Consistent with the current SRC definition, a registrant that previously determined it does not qualify as an SRC remains unqualified until it meets one or more lower qualification thresholds based on 80% of the threshold amounts. For example, an entity that previously had a public float above $250 million, would not meet the SRC definition until it had public float less than $200 million. This provision does not apply for the first fiscal year after effectiveness of the amendments.
Registrants that meet the definition of an SRC qualify for certain reduced disclosure requirements (known as "scaled disclosures"), including:
- Two years of financial statements and corresponding MD&A
- No requirement to submit financial statements of equity affiliates
- No Selected Financial Data, Supplementary Financial Information, and Quantitative and Qualitative Disclosures About Market Risk
- Fewer circumstances requiring pro forma information
- Significantly reduced Executive Compensation disclosure requirements
The scaled disclosure requirements were not changed by the adoption of this rule.

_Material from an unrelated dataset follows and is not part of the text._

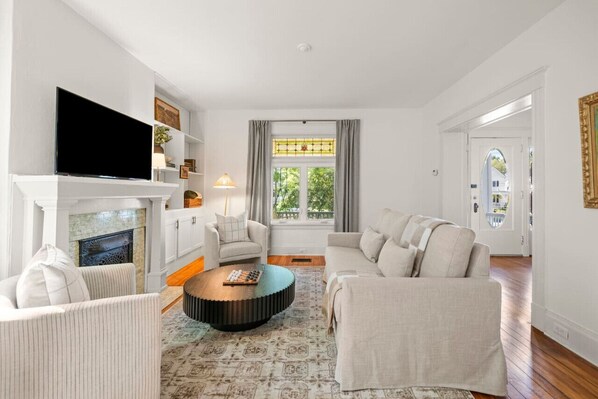 StayDrake | Living Room w/ Smart TV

The SEC also amended Rule 3-05 of Regulation S-X to eliminate the requirement for registrants to present financial statements of acquired businesses for the third year if revenue of the acquiree is less than $100 million.
Why is this important?
The changes may reduce compliance costs for existing registrants and companies considering an Initial Public Offering. Chairman Clayton’s request for recommendations for changes to the accelerated filer definition reflects his objective of promoting capital formation for the benefit of Main Street Investors.
The amended rules become effective 60 days after publication in the Federal Register. Registrants should assess whether they meet the definition of an SRC under the new guidelines. After the rule is effective, companies that qualify as an SRC will be eligible to report scaled disclosures immediately.

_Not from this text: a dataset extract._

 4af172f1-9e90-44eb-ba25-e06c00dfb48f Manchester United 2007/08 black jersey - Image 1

Inline XBRL filing of tagged data
Also on June 28, the SEC adopted a rule requiring the use of Inline eXtensible Business Reporting Language (XBRL) format for the submission of operating company financial statements and mutual fund risk/return summaries. The amendment eliminated the 15 business day XBRL filing period for fund risk/return summaries and the requirement for filers to post Interactive Data Files on their websites. Inline XBRL allows filers to embed XBRL data directly into an HTML document, eliminating the need to tag a copy of the information in a separate XBRL exhibit. These changes are intended to improve data quality and, over time, reduce the cost of preparing data for submission. The requirements associated with this amendment are effective June 15, 2019 for large accelerated GAAP filers (with adoption in 2020 for accelerated filers, and 2021 for all other filers).